Cracking Eggs: A Few Thoughts on Teaching Diversity
After watching this image and others similar in essence roll down my newsfeed, I thought I would take a few moments to address what I see as a ruinous flaw in teaching diversity this way. I understand the spirit of this activity, but it falls short of its intended goal. Teaching diversity in this manner is analogous to the clarion call for colorblindness being sounded by some of my well-intentioned, though misguided, friends.
It is quite easy to ignore or fail to recognize the power dynamic that is present and being exercised in the call for colorblindness. The call is usually sounded by an enlightened, caring soul who so happens to be a member of a majority, non-marginalized group. The conversation usually goes something like this:
“The United States isn’t perfect, but we have made tremendous progress.”
“Talking about race, religion, and stuff like that only keeps tension stirred up. We just need to see people for what’s on the inside.”
“You mean intestines and such?”
“Funny. We need to realize we are all human and the same.”
“Ok. Would you apply that same principle to your marriage—ignore the differences and wait for things to get better?
Seriously, let’s think about this. My wife walks into the living room and says I have done/am doing something that hurts and offends her. I respond, “we just need to put our differences aside and move forward.” In that one line, I have dismissed her and communicated that her feelings and hurt are not valid.
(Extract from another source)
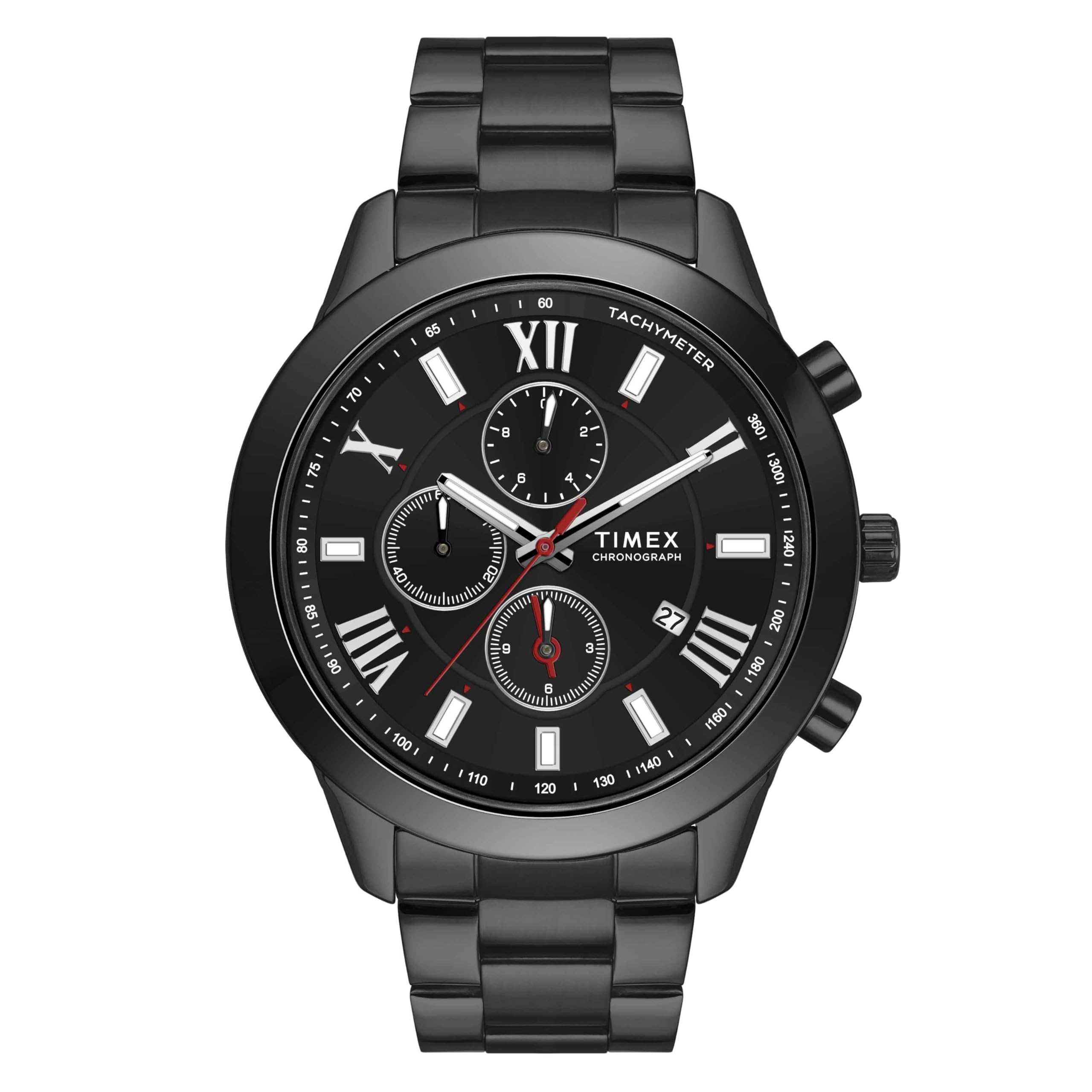 TIMEX Men Black Round Dial Analog Watch - TWEG18518 (B0D1CK3V8W) Amazon Price History, Amazon Price Tracker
Do you think things will get better? Clearly, the answer is no. So, why try this with issues of diversity?
The problem is not that we see difference; it’s how we respond once we recognize difference. To teach diversity in the cracked-egg manner ignores how our great nation has responded to difference in the past—slavery, Jim Crow, xenophobia, and Islamophobia to name a few. It serves as a deflection from having serious conversations about race and privilege. I doubt many remotely rational citizens would disagree that there is no internal difference between our Muslim brothers and sisters; but I have no trouble finding individuals—post the latest attacks on Paris—who have no trouble dispensing hate and fear wholesale toward this group.
I have had friends talk honestly about the trepidation they felt toward African Americans, particularly African American males, after they had their home burglarized. If we are all the same on the inside, what is it that resides within us that causes us to respond with anger and fear to entire people groups when we are offended by a single member of that group. How do we purge whatever this hate producing thing is so we can “love our neighbor as ourselves?”
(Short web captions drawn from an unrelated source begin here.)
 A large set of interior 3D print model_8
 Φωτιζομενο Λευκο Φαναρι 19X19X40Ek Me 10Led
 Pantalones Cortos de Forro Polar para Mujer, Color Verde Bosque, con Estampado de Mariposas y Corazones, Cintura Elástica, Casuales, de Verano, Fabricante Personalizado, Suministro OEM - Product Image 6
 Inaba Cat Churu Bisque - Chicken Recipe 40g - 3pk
Colorblindness and ignoring difference is not the answer. We do not need less seeing; we need more seeing. The kind of seeing that moves beyond surface-level perceptions and misperceptions to soul-level understanding. This kind of observation cannot be achieved in isolation. It requires the lenses of others’ life experiences to help us see more clearly. Life experiences of those who do not think like, look like, act like, vote like, and live like us.
Think of the people in your inner circle, those who know your good and your bad. I’m talking about those who have seen your ugly cry, the ones you would if you needed gas money or bail money. Chances are, if you are like the majority of the American populace, you have surrounded yourself with others who are just like you. This is natural. We are most comfortable around those who are racially and socioeconomically similar to ourselves. Comfort is nice, but discomfort is essential to growth.
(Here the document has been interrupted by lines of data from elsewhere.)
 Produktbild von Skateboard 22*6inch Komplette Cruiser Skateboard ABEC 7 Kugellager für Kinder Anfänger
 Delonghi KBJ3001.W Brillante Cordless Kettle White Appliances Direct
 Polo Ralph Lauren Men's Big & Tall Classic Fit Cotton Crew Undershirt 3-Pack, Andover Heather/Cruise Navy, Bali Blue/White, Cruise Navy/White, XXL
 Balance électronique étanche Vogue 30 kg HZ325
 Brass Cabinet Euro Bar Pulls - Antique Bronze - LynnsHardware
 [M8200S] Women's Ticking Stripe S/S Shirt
"Approximately 40 percent of white Americans and about 25 percent of non-white Americans are surrounded exclusively by friends of their own race..." - Reuters
It should then be of little surprise how heated the debate on race has become. Without relationships with individuals who are different than us, we do not reap the benefits of learning from their experiences and having our personal beliefs shaped by facts rather than rhetoric from political pundits and Facebook posts.
If adults are not having these meaningful conversations, chances are our students are not having them either.
We must move away from comfortable, isolated lives to lives that are shaped by the rich perspective others have to offer.
We must commit ourselves to respect and seeking to understand more than we seek to be understood.
We must stop listening with the intention of responding and begin listening with the intention of learning more.